The U.S. Justice Department has reached an agreement with Houston Community College, resolving allegations that the college violated the anti-discrimination provision of the Immigration and Nationality Act.
Under the terms of the agreement, the Justice Department says, the community college will pay $83,600 in civil penalties and has agreed to abandon its prior department-based employment eligibility verification process in favor of a centralized verification process. The community college also will create a $20,000 back-pay fund to compensate potential victims who lost wages as a result of the discriminatory practices and will undergo Justice Department training on the anti-discrimination provisions of the immigration law.
The investigation began after an individual that the school discriminated against her in the hiring process. Investigators determined that for at least the last two years, the community college had engaged in a pattern or practice of discrimination by requiring non-U.S. citizens to provide specific documentation establishing their work authority, while not making similar demands from U.S. citizens.

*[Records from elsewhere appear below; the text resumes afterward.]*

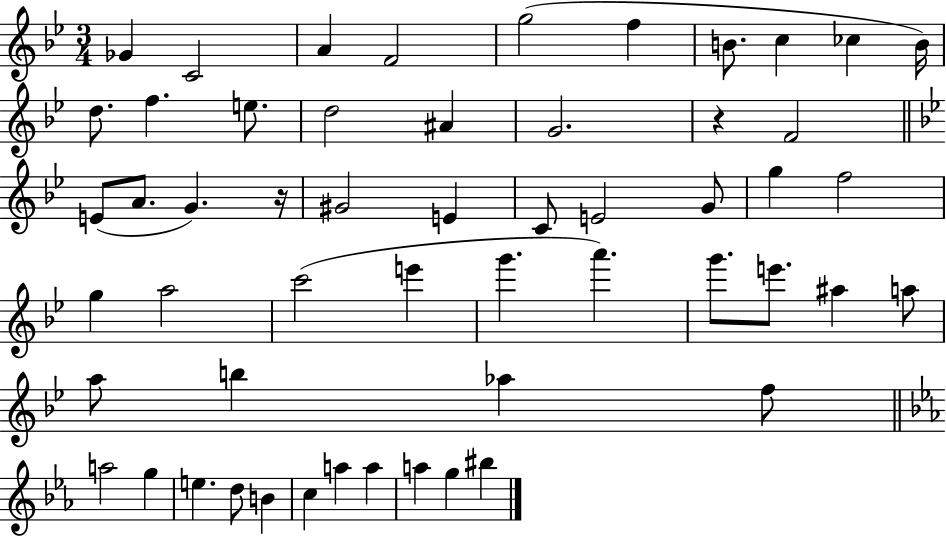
X:1
T:Untitled
M:3/4
L:1/4
K:Bb
_G C2 A F2 g2 f B/2 c _c B/4 d/2 f e/2 d2 ^A G2 z F2 E/2 A/2 G z/4 ^G2 E C/2 E2 G/2 g f2 g a2 c'2 e' g' a' g'/2 e'/2 ^a a/2 a/2 b _a f/2 a2 g e d/2 B c a a a g ^b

“Employers cannot create higher hurdles for non-U.S. citizens in the employment process, including the employment eligibility verification process, than those required of U.S. citizens or those required by law,” says Thomas E. Perez, Assistant Attorney General for the Civil Rights Division. “We commend [the college] for restructuring its hiring processes to ensure that it will no longer be treating new hires differently based on their citizenship status.”
Houston Community College employs about 6,000 people on 20 campuses and is one of the largest community colleges in the nation.